Title: The Two-Faced Queen
Series: The Legacy of the Mercenary Kings #2
Author: Nick Martell
Summary: In a world where memory is the coin that pays for magic, Michael knows something is there in the hot white emptiness of his mind. Branded a traitor as a child because of the murder of the king’s nine-year-old son, by his father, ten years later he lives a hardscrabble life, with his sister Gwen, performing crimes with his friends against minor royals in a weak attempt at striking back at the world that rejects him and his family.
Score: ★★★1/2☆☆
Review:A solid second book in the series. There was a great deal of plot points hints, discussed, and introduced in the story; although I do feel like it spent a lot of time on some things that extended the story where it could have be shorter, and where there was much more to learn it kept it short and less explained.
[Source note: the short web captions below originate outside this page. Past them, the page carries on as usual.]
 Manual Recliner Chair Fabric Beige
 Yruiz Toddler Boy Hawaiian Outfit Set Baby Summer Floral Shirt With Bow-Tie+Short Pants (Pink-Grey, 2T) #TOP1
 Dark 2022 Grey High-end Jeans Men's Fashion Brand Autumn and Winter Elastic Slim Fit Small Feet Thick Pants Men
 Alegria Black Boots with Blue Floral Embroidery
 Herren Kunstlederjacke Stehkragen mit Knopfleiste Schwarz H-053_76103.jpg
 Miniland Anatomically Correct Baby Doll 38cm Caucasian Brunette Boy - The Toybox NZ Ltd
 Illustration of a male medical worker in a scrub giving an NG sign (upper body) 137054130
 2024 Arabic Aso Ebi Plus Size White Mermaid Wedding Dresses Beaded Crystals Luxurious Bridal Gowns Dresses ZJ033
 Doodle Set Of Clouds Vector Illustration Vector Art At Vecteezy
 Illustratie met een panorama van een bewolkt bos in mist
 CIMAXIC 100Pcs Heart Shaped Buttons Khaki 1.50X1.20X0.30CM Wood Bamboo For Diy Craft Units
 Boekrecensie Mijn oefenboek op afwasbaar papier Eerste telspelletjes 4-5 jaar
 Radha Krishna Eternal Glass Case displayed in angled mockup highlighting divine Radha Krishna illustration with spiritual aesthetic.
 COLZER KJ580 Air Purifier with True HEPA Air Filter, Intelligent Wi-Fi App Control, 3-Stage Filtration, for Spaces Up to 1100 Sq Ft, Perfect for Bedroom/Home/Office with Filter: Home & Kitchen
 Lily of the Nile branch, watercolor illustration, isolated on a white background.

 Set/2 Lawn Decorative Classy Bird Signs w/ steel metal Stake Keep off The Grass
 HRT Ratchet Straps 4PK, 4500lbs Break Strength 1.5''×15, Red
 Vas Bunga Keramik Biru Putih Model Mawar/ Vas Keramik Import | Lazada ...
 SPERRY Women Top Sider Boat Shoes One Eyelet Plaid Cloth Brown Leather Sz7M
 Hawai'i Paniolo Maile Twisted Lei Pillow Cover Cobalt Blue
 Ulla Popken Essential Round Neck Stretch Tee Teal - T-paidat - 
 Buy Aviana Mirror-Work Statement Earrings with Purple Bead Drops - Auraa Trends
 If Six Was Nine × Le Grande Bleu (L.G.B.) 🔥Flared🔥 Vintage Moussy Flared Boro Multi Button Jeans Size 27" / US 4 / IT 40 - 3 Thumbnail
As for the main character cast, despite it being a huge group of characters, I feel the author actually did a great job at spacing and caring for the characters personal stories but at the same time, that's what I think prolonged the story in parts, since things were spaced out it was easy to forget some important information, which in a world where you lose your memories for using magic, I felt just as lost as our MC haha. I wish some more time was spent on the overall magic systems as there are so many, which is great dintnget me wrong; and a few recaps of the main plot alongside the arcs would be nice. But as a second book in a series, it usually is the infodump book so I won't score it hard for that reason. Overall, I think there was just so much, some things just got cut to what could have been a whole other book. This series gives off the vibes of Mistborn (so if you're a fan, you'll enjoy the series so far) --- {not spolier but even still just in case} I also wish a certain reconciliation played out better as it seemed quick with not much reasoning given the constant due hatred, meanwhile another was given a lot of time and reasoning.